I was having a drink with my sister at a bar here. She had a screwdriver (vodka & orange for the uninitiated).


After the first sip, she said " In UK, I can never taste the vodka. Here I can't taste the orange juice." :ycool:




We allow our children to have a sip of whatever my wife are drinking so as not to have them have a mystery about it when they get older.
The usual response is 'Ugh!'




My daughter (aged 11) recently took a sip of a Screwdriver that my wife was drinking and said "Mmm, that tastes much better than the orange juice we get at school."


I personally do not like an overly strong drink, i.e. generally not more than a 1/2 gill, unless I am drinking it on the rocks.


How do you like your measures?

Stiletto
06-29-2014, 05:48 PM
I like to taste the liquor.

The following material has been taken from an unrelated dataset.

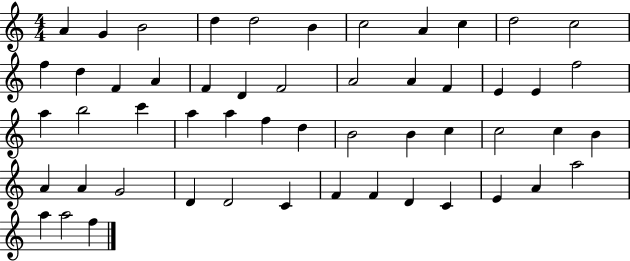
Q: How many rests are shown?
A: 0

It seems pointless to have the mixer overwhelming the spirit.

S/V Laura Ellen
06-29-2014, 05:49 PM
Depends on what spirits and mix are being used!
One of my favourites is the Manhattan.
A couple ounces of very good Rye, then wave a bottle of vermouth over the glass and garnish with a Maraschino Cherry.

AndyG
06-29-2014, 05:59 PM
I realised that when spirits are served in a UK pub a good splosh is put into the glass and then swilled around, after which it is poured back into the bottle and the remnants that drain down the side into the base of the glass is your measure.

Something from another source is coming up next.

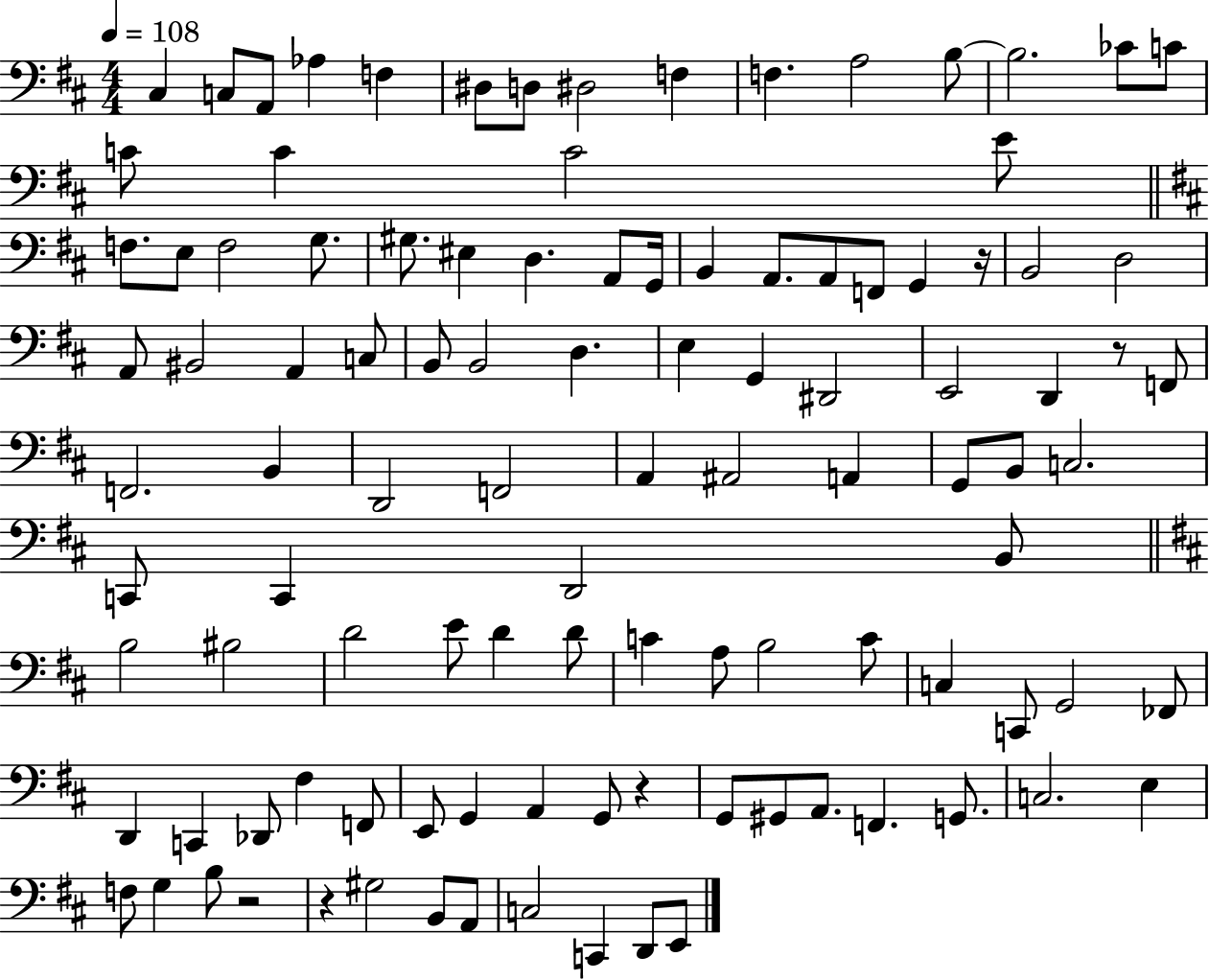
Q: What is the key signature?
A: D major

You're going to the wrong pubs. The Weights and Measures Act (1963) frowns on that sort of thing. A quarter gill is now usually (these EU days) 35ml in Scotland.

Andy

S/V Laura Ellen
06-29-2014, 07:13 PM
You're going to the wrong pubs. The Weights and Measures Act (1963) frowns on that sort of thing. A quarter gill is now usually (these EU days) 35ml in Scotland.

Andy

It's no fun if you are going to use facts in this discussion!:(

Phillip Allen
06-29-2014, 07:17 PM
who knows what a gill is?

Domesticated_Mr. Know It All
06-29-2014, 07:23 PM
When I was a bartender, I always made the first drink strong, after that most can't taste anyway but they remember the first drink when tipping.
The more drinks they order, the weaker they got.
That's just responsible bartending.
If you're at home measuring your own, well.....heh heh.....lucky you.

Phillip Allen
06-29-2014, 07:33 PM
When I was a bartender, I always made the first drink strong, after that most can't taste anyway but they remember the first drink when tipping.
The more drinks they order, the weaker they got.
That's just responsible bartending.
If you're at home measuring your own, well.....heh heh.....lucky you.


very capitalistic

Rum_Pirate
06-29-2014, 07:48 PM
who knows what a gill is?

About 4 gills to a pint (imperial not US units)

Waddie
06-29-2014, 07:52 PM
I don't like mixed drinks. When I want whiskey I want whiskey. When I want vodka I want vodka. When I want orange juice I drink orange juice. Keeps life simple.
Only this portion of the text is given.